Le texte précise que cette information est obligatoire si elle n’est pas contraire à l’intérêt de l’enfant. Autrement dit, si l’information des familles doit rester le principe, à titre exceptionnel les parents peuvent ne pas être informés lorsque cette information est contraire à l’intérêt de l’enfant, c’est-à-dire qu’elle risque de le mettre en danger. Il s’agit principalement des situations de maltraitance grave dans lesquelles les professionnels peuvent craindre une réaction violente des parents ou une pression morale et/ou physique exercée sur l’enfant. En dehors de ces hypothèses, il est important que les parents puissent être informés des contacts pris par le professionnel en charge de l’évaluation avec par exemple le corps enseignant, le médecin traitant, ou encore le centre médico-psycho-pédagogique (CMPP). Cette information doit être donnée, y compris lorsque les professionnels appréhendent la réaction des parents, chaque fois que celle-ci ne risque pas de placer l’enfant dans une situation de danger avéré.

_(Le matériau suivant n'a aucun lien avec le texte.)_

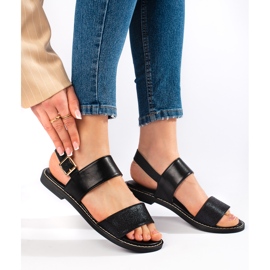 Naisten mustat sandaalit 1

Le droit prévoit par ailleurs une obligation d’information générale des familles à la charge des services départementaux de l’aide sociale à l’enfance. Selon l’article L. 223-1, alinéa 1 du code de l’action sociale et des familles, toute personne qui demande une prestation au titre de l’aide sociale à l’enfance ou qui en bénéficie « est informée par les services chargés de la protection de la famille et de l’enfance des conditions d’attribution et des conséquences de cette prestation sur les droits et obligations de l’enfant et de son représentant légal ». On peut donc considérer que les personnes (enfant[s] et parents) qui bénéficient d’une évaluation devront être informées des conséquences de cette évaluation et des aides dont elles peuvent bénéficier.

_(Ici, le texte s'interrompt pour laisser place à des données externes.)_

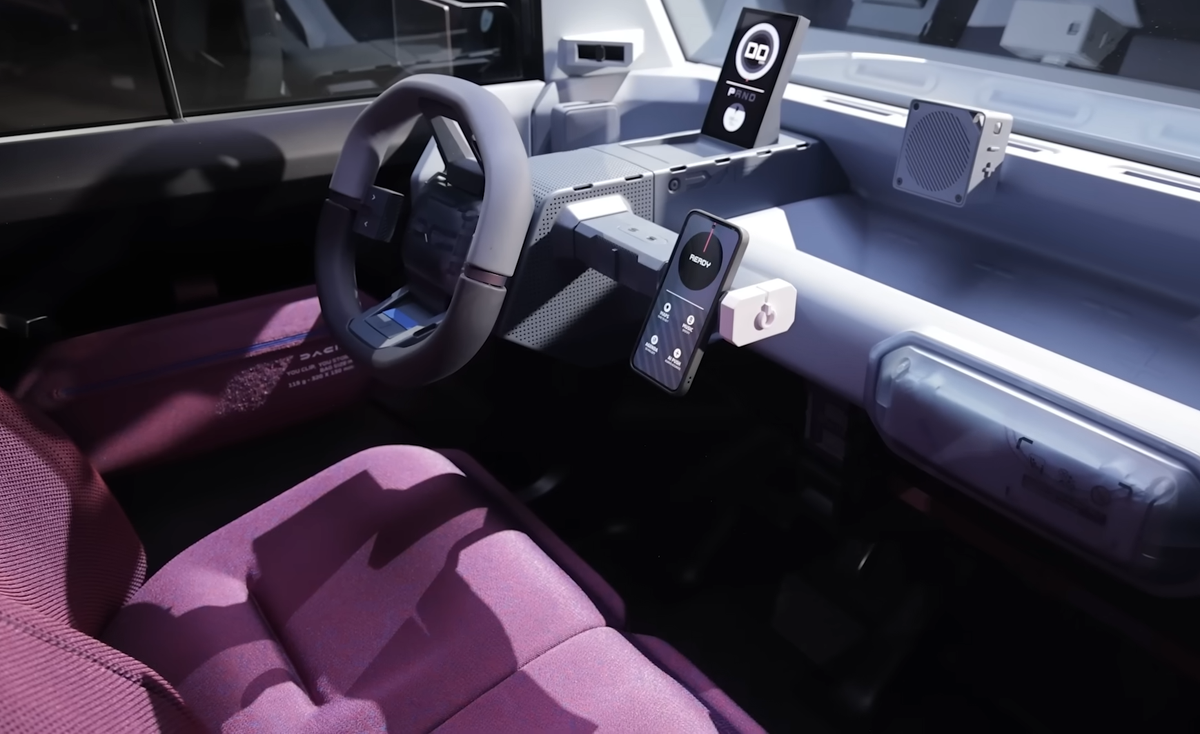 Dacia Hipster pe străzile din Paris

Enfin, « en cas de saisine de l’autorité judiciaire, le président du conseil départemental en informe par écrit les parents de l’enfant ou son représentant légal » (CASF, art. L. 226-5). La formulation de ce texte est intéressante car elle ne semble pas souffrir d’exception. Ainsi, l’information des parents par le département est obligatoire lorsque le juge des enfants est saisi et ne peut être refusée au nom de l’intérêt de l’enfant ou du danger qui serait encouru par ce dernier.


(1)
Convention européenne de sauvegarde des droits de l’homme, art. 8, § 2.


(2)
CEDH, 26 octobre 2006, Wallovà et Walla contre République tchèque, Requête n° 23848/04, § 73.